Department of Medicine and Microbiology and Immunology, QEII Health Sciences Center
, Faculty of Medicine, Dalhousie University
, Halifax, Canada
Using computerized video time-lapse microscopy, we studied early cellular events during carcinogen-induced transformation of C3H10T1/2 cells. Multinucleate/polyploid giant cells (MN/PGs) formed due to DNA damage are thought to die via mitotic catastrophe.
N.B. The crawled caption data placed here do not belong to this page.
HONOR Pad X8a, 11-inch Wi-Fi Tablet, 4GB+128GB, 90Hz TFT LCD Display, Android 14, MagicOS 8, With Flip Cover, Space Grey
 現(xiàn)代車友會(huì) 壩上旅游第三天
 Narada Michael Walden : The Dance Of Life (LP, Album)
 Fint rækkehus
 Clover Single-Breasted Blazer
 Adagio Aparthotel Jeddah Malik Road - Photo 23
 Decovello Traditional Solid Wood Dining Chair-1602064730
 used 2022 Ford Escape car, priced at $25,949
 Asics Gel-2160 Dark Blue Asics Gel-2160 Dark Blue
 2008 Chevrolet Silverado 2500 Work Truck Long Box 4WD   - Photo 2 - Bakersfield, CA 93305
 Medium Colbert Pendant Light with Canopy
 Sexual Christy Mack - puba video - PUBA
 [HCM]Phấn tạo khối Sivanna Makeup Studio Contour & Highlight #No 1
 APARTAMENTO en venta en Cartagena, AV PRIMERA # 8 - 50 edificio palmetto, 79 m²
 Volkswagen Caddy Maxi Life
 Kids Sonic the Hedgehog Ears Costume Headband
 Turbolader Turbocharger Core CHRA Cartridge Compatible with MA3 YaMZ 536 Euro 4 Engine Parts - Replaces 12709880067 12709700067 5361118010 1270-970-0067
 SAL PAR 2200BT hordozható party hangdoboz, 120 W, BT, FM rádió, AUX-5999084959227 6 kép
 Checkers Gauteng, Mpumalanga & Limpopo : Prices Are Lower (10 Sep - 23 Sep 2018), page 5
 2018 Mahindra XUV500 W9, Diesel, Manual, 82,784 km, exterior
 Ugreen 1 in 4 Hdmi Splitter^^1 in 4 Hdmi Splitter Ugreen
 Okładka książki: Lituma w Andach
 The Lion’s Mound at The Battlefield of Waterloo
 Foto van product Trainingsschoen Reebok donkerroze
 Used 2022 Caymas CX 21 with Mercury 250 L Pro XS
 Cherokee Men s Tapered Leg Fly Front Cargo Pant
Before they die, some MN/PGs undergo a novel type of cell division, termed neosis, characterized by karyokinesis via nuclear budding followed by asymmetric, intracellular cytokinesis, producing several small mononuclear cells, termed the Raju cells, with extended mitotic life span (MLS). Mitotic derivatives of Raju cells give rise to transformed cell lines, inherit genomic instability, display a phenotype and transcriptome different from the neosis mother cell, and anchorage-independent growth. Neosis of MN/PGs also precedes spontaneous transformation of p53-/- mouse cells. Rodent neotic clones, and primary and metastatic human tumor cells undergo spontaneous or induced secondary/tertiary neosis. Neosis seems to extend the MLS of cells under conditions of genetic duress not favoring mitosis. It precedes tumorigenesis, occurs several times during tumor progression, yielding tumor-initiating Raju cells and introducing tumor cell heterogeneity subject to natural selection during tumor progression. Events during neosis, and its relevance to origin of established cell lines, multistep carcinogenesis, cancer stem cells, and therapeutic advantages of anti-neotic agents (neosicides) are discussed.